And finally, there is the separate issue of the exploding U.S. trade deficit. Yes, yes, I know, I know: the USA is a wonderful place to invest in! And that will continue to be true — until it is not. Except that story is not what’s really going on. Rather, beggar-thy-neighbor industrial policies in places like China and Germany force surpluses into the global economy that must be balanced by trade deficits elsewhere, and practically, that elsewhere is here because we passively allow foreign industrial policy to dictate U.S. deindustrial policy. This matters because, among other things, once the capital flight happens, it will happen overnight, and potentially we could be in for a financial crisis of proportions that will make the 2008 GFC look like a walk in the park. Then the trade deficit will fix itself, but it will not be pretty. NIIP/GDP was -88% as of Q4 2024 and will probably hit -100% in 2025. So we’re already well into the danger zone.
john hare
Jun 1 2025 at 7:14pm
How do you get a higher profit margin if costs are not lower?
Warren Platts
Jun 2 2025 at 11:33am
Externalities are real costs.
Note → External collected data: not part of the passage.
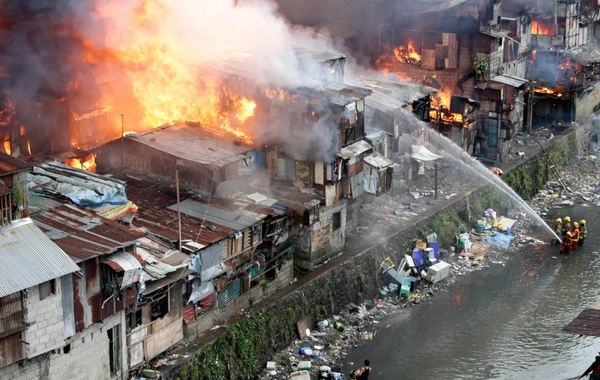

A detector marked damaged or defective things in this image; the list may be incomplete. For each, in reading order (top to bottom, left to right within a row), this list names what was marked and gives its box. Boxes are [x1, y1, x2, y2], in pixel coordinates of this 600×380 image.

rusty metal roof [0, 151, 31, 176]
rusty metal roof [0, 217, 79, 296]
rusty metal roof [32, 203, 145, 262]
rusty metal roof [564, 298, 600, 336]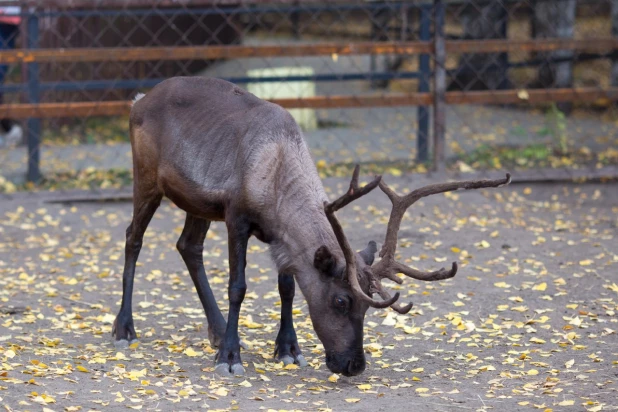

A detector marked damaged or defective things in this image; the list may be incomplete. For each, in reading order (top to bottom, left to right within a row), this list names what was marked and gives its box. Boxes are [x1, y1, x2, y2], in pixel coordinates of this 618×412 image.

rusty metal bar [0, 87, 612, 118]
rusty metal bar [430, 0, 446, 172]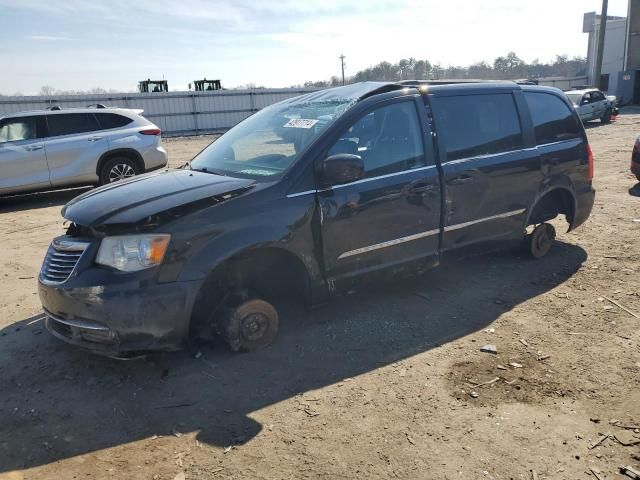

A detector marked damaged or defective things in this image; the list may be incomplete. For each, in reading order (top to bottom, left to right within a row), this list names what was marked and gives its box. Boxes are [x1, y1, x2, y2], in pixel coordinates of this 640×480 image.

crumpled hood [63, 169, 255, 227]
damaged black minivan [38, 81, 596, 356]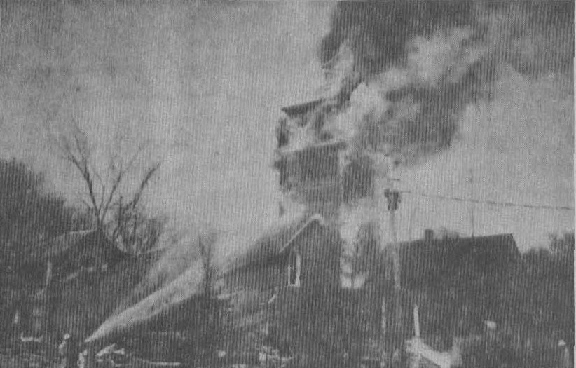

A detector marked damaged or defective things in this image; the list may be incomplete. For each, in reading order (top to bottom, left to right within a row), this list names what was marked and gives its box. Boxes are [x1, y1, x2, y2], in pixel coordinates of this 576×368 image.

burnt roof section [280, 98, 324, 117]
burnt roof section [394, 233, 520, 288]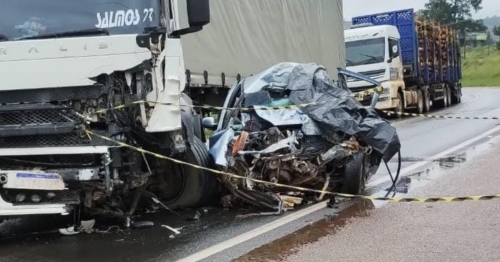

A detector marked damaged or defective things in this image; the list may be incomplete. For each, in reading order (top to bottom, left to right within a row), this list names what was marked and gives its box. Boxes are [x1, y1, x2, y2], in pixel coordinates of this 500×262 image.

broken windshield [0, 0, 159, 40]
broken windshield [346, 37, 384, 66]
severely crushed car [203, 63, 398, 211]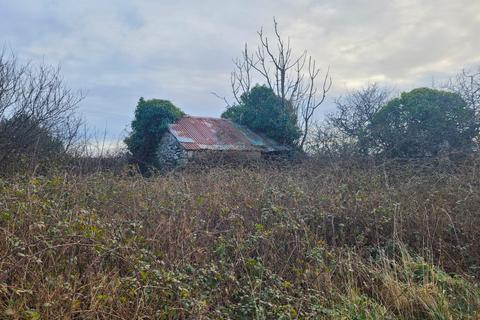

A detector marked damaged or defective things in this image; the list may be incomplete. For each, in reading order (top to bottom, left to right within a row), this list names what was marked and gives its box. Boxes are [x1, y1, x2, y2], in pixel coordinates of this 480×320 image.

rusty tin roof [168, 117, 288, 152]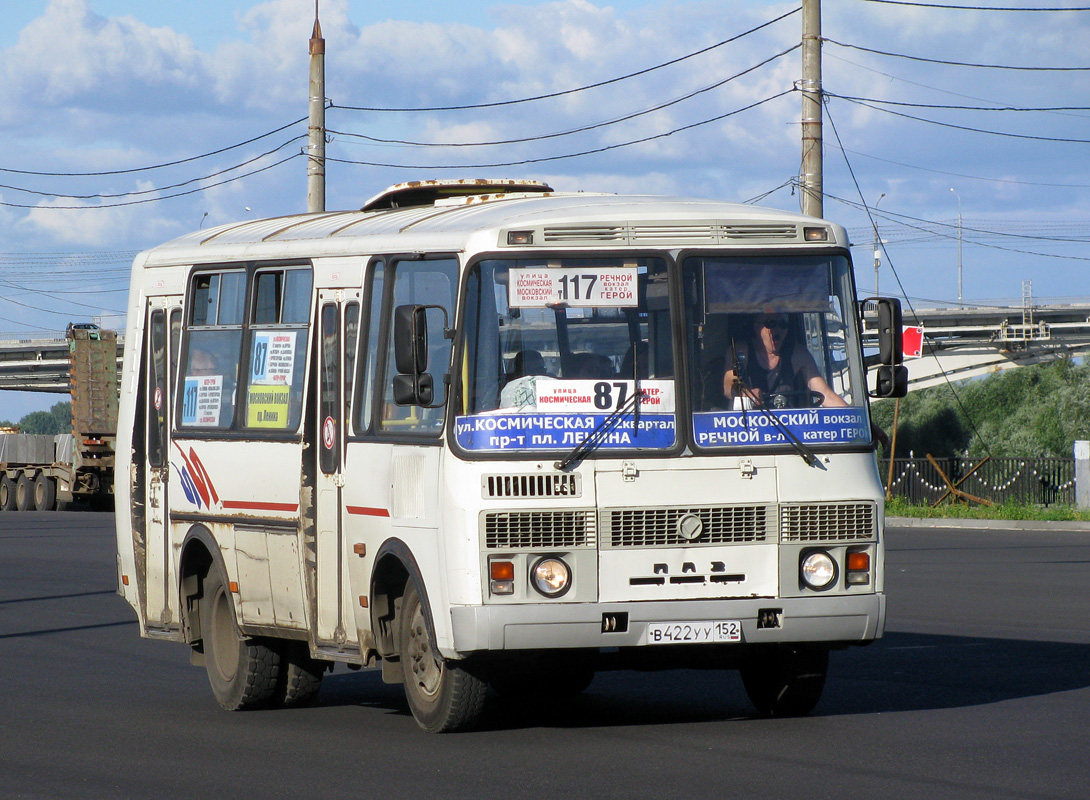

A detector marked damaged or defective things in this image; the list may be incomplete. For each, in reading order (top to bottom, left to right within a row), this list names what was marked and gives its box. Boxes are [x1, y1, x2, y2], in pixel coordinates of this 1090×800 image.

rusty roof vent [361, 177, 553, 211]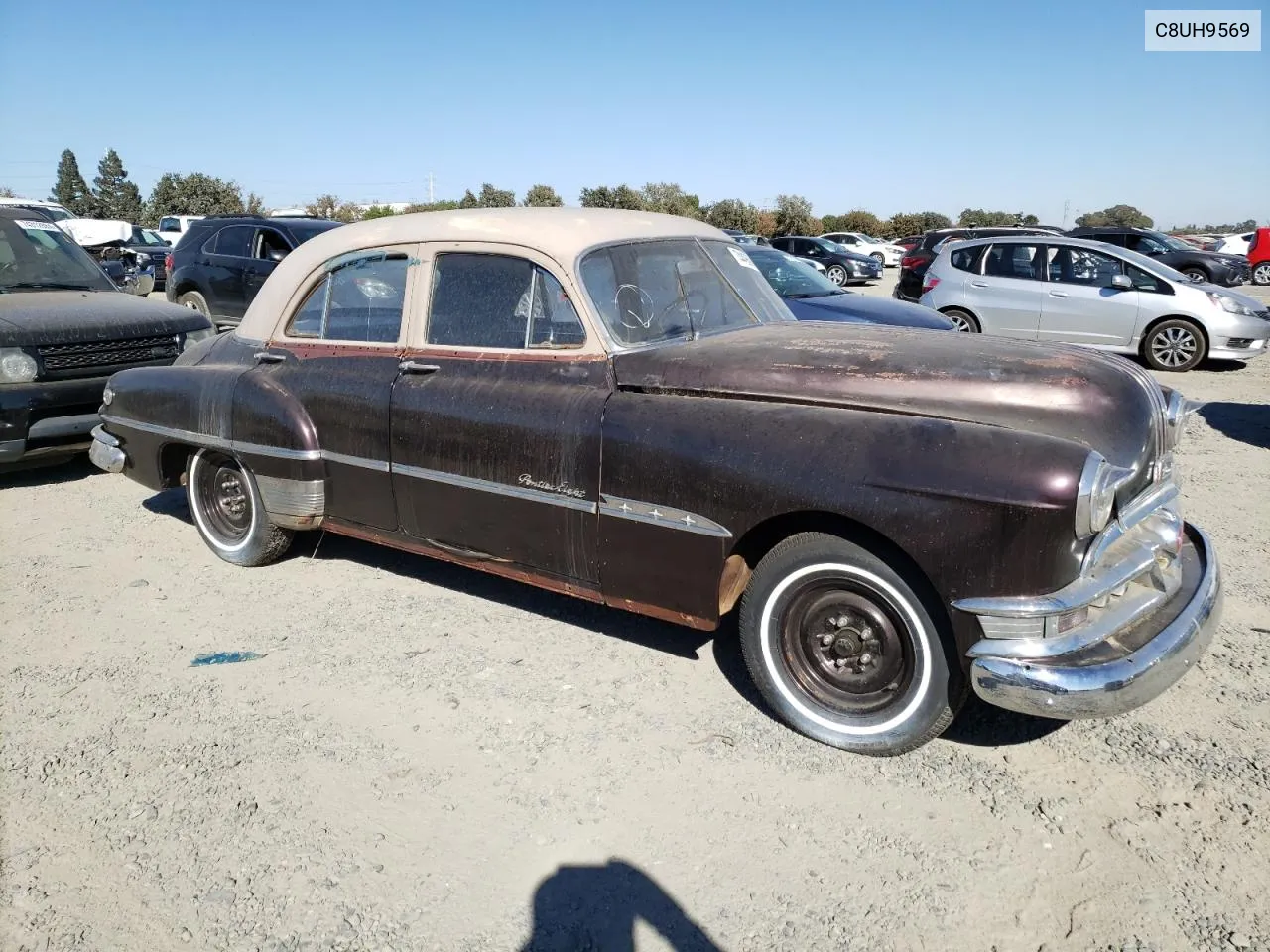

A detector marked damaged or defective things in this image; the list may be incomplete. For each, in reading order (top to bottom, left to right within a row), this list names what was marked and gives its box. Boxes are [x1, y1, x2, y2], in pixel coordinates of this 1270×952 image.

rusty dark body [101, 321, 1159, 647]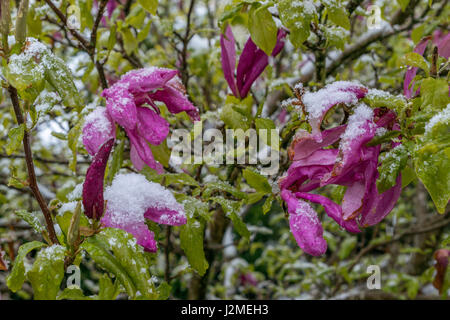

The only question is whether they are included in the price of the good or not.
Craig
Jun 1 2025 at 11:14am
The problem I tend to see is that something like hats actually probably should be made in the US just straight up based on cost with or without a tariff. Frankly there’s hundreds of billions of things where the cost of freight exceeds the additional cost of US labor.
Craig
Jun 1 2025 at 11:28am
Another consideration is that many retail items with relatively low price points often have retail prices 4-8x (and for hats more like 10x+) the cost to produce. So the end retail price for something like a hat is more about having a ‘price point’ than necessarily worrying about the cost of goods sold.
Warren Platts
Jun 1 2025 at 7:01pm
No kidding. I just ordered a $4 paperback book, Buchanan’s Essays on The Political Economy actually, and the shipping cost was $8.00. Turns out it is from somewhere overseas, and the delivery won’t be till July. So I canceled that one, and bought a hardback from Washington state that costs $12 and will get here within the week..
Craig
Jun 2 2025 at 10:28am
Also often sellers will do that on marketplaces like ebay so that when buyers sort by lowest price they will get more clicks.
Pierre Lemieux
May 31 2025 at 12:22pm
David: We have to be prudent here. In the standard perfect-competition model, world supply is perfectly elastic. Thus, there is no incidence-sharing of the tax called tariff: the consumers of the tariff-imposing country pay the whole of it. This corresponds to the usual graphical analysis of the effect of a tariff that is used in international tax theory. The results are confirmed by most empirical analyses. Jon may have been more theoretically right than it appears at first sight.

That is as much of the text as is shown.